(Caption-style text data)
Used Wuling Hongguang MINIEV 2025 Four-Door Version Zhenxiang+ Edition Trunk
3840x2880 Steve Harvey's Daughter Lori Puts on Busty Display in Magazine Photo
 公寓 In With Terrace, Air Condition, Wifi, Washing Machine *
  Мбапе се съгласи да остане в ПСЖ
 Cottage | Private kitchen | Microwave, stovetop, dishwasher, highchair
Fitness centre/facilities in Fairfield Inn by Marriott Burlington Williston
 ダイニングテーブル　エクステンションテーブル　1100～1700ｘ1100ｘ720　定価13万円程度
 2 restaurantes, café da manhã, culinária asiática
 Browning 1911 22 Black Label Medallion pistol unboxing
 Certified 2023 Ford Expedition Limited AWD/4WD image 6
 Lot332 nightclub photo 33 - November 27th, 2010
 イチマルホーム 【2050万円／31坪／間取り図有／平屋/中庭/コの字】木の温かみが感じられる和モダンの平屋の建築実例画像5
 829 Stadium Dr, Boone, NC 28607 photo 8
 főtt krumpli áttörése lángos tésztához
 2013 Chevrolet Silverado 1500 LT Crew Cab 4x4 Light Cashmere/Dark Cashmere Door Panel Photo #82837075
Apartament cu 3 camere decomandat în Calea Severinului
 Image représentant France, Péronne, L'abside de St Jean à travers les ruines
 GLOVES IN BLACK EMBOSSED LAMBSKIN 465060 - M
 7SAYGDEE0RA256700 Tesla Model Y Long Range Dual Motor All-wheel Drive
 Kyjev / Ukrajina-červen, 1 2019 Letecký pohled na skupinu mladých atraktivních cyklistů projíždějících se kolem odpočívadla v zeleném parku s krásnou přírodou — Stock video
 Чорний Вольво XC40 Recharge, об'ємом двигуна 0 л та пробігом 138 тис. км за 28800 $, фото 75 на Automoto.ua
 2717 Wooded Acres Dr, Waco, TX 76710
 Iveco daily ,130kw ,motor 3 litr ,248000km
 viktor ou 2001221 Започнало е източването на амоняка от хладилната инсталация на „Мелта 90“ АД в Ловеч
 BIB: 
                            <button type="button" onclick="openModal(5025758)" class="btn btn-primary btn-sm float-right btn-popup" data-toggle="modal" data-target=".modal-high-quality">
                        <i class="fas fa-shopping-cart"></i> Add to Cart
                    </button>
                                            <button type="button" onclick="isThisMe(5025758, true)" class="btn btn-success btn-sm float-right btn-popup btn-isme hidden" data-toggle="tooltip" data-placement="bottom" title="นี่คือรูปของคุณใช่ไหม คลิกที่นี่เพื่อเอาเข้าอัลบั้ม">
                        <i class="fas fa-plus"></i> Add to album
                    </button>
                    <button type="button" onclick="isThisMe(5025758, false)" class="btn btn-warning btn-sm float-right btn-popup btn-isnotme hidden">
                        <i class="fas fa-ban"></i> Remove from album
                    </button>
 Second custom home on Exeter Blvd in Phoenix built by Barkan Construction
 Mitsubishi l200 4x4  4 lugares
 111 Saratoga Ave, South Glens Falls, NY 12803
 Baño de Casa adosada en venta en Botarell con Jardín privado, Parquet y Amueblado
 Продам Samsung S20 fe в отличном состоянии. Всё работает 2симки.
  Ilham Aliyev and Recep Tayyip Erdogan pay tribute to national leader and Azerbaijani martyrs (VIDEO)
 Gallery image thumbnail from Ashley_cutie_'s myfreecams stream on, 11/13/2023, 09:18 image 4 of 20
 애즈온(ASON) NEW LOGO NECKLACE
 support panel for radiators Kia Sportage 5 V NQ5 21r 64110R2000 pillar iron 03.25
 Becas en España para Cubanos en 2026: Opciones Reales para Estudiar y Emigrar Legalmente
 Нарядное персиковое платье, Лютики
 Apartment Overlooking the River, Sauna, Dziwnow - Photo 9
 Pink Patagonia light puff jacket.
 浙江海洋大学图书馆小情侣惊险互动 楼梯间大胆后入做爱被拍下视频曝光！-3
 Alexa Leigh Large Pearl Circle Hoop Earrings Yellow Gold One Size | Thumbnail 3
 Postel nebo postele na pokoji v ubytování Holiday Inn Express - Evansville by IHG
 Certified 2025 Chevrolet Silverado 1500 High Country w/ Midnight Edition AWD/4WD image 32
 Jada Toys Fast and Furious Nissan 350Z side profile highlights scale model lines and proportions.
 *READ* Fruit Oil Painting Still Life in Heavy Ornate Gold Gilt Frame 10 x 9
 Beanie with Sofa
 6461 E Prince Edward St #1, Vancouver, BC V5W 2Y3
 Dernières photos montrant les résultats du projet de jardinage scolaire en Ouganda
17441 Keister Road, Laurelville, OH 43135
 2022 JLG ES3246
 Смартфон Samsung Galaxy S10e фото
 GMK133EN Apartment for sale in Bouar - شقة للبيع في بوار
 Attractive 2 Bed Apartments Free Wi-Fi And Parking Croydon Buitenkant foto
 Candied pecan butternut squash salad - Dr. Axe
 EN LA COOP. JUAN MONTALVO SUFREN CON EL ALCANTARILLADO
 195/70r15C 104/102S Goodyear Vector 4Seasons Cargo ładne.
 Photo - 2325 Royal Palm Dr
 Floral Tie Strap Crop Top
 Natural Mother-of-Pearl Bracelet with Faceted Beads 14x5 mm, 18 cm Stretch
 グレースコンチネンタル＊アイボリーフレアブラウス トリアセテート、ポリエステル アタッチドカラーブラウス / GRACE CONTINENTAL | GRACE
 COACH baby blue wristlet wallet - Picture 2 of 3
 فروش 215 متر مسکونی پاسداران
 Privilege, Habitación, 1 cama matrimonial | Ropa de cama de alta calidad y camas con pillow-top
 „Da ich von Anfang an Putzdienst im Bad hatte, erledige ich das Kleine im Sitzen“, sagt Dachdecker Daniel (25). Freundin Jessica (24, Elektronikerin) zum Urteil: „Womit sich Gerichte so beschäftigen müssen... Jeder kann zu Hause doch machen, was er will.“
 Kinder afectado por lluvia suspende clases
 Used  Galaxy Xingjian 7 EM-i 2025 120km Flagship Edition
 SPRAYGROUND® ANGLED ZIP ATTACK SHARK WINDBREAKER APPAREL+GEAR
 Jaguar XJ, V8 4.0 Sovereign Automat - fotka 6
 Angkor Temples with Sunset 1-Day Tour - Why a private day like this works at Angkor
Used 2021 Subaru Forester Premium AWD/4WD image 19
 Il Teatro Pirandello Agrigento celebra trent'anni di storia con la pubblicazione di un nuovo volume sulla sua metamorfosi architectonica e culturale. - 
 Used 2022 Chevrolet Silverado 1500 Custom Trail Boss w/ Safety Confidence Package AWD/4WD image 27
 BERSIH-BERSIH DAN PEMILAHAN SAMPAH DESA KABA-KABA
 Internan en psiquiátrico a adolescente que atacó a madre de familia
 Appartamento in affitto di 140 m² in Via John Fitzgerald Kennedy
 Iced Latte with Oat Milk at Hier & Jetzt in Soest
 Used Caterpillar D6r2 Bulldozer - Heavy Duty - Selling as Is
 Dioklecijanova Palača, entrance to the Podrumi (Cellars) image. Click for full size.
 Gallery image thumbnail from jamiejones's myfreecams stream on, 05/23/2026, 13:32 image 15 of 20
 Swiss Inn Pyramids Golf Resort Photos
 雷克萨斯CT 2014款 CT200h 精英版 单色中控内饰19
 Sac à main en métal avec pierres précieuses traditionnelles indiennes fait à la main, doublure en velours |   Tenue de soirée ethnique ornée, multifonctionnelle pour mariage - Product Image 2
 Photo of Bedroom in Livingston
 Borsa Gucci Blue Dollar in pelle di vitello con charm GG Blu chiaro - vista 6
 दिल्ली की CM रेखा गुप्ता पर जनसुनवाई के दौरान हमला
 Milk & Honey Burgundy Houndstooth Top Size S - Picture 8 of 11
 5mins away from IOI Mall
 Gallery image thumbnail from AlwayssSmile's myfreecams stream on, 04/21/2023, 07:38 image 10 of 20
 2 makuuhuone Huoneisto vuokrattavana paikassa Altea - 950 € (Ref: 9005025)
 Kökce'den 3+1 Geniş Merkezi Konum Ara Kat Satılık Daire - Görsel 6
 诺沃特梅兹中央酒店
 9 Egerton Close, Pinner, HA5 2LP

> EXERCISE
The required answer is the exact run of lines above starting at the line with "17441 Keister Road, Laurelville, OH 43135" and ending at the line with "Privilege, Habitación, 1", with both ends present.

> ANSWER
17441 Keister Road, Laurelville, OH 43135
 2022 JLG ES3246
 Смартфон Samsung Galaxy S10e фото
 GMK133EN Apartment for sale in Bouar - شقة للبيع في بوار
 Attractive 2 Bed Apartments Free Wi-Fi And Parking Croydon Buitenkant foto
 Candied pecan butternut squash salad - Dr. Axe
 EN LA COOP. JUAN MONTALVO SUFREN CON EL ALCANTARILLADO
 195/70r15C 104/102S Goodyear Vector 4Seasons Cargo ładne.
 Photo - 2325 Royal Palm Dr
 Floral Tie Strap Crop Top
 Natural Mother-of-Pearl Bracelet with Faceted Beads 14x5 mm, 18 cm Stretch
 グレースコンチネンタル＊アイボリーフレアブラウス トリアセテート、ポリエステル アタッチドカラーブラウス / GRACE CONTINENTAL | GRACE
 COACH baby blue wristlet wallet - Picture 2 of 3
 فروش 215 متر مسکونی پاسداران
 Privilege, Habitación, 1 cama matrimonial | Ropa de cama de alta calidad y camas con pillow-top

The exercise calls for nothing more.